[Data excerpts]
┄┄┄┄┄┄

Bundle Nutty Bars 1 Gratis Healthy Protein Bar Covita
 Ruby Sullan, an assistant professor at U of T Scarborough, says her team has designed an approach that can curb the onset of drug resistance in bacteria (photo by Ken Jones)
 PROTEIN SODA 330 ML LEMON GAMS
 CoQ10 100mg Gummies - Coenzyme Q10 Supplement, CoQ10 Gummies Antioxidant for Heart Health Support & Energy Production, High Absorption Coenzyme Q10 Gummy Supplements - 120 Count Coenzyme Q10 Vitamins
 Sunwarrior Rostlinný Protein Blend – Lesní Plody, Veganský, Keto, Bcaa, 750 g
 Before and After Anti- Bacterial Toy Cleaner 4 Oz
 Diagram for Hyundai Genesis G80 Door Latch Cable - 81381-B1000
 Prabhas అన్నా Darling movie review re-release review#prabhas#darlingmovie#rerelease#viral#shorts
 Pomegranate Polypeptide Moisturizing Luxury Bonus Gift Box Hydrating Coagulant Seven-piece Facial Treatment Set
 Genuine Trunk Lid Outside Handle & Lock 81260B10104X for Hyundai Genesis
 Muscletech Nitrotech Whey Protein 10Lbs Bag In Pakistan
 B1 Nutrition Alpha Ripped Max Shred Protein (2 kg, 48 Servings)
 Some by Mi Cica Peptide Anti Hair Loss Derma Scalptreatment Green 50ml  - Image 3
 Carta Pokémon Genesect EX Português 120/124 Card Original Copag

┄┄┄┄┄┄

## PROBLEM STATEMENT
The full set of records above must be reproduced exactly in the reply.

## EXERCISE ANSWER
Bundle Nutty Bars 1 Gratis Healthy Protein Bar Covita
 Ruby Sullan, an assistant professor at U of T Scarborough, says her team has designed an approach that can curb the onset of drug resistance in bacteria (photo by Ken Jones)
 PROTEIN SODA 330 ML LEMON GAMS
 CoQ10 100mg Gummies - Coenzyme Q10 Supplement, CoQ10 Gummies Antioxidant for Heart Health Support & Energy Production, High Absorption Coenzyme Q10 Gummy Supplements - 120 Count Coenzyme Q10 Vitamins
 Sunwarrior Rostlinný Protein Blend – Lesní Plody, Veganský, Keto, Bcaa, 750 g
 Before and After Anti- Bacterial Toy Cleaner 4 Oz
 Diagram for Hyundai Genesis G80 Door Latch Cable - 81381-B1000
 Prabhas అన్నా Darling movie review re-release review#prabhas#darlingmovie#rerelease#viral#shorts
 Pomegranate Polypeptide Moisturizing Luxury Bonus Gift Box Hydrating Coagulant Seven-piece Facial Treatment Set
 Genuine Trunk Lid Outside Handle & Lock 81260B10104X for Hyundai Genesis
 Muscletech Nitrotech Whey Protein 10Lbs Bag In Pakistan
 B1 Nutrition Alpha Ripped Max Shred Protein (2 kg, 48 Servings)
 Some by Mi Cica Peptide Anti Hair Loss Derma Scalptreatment Green 50ml  - Image 3
 Carta Pokémon Genesect EX Português 120/124 Card Original Copag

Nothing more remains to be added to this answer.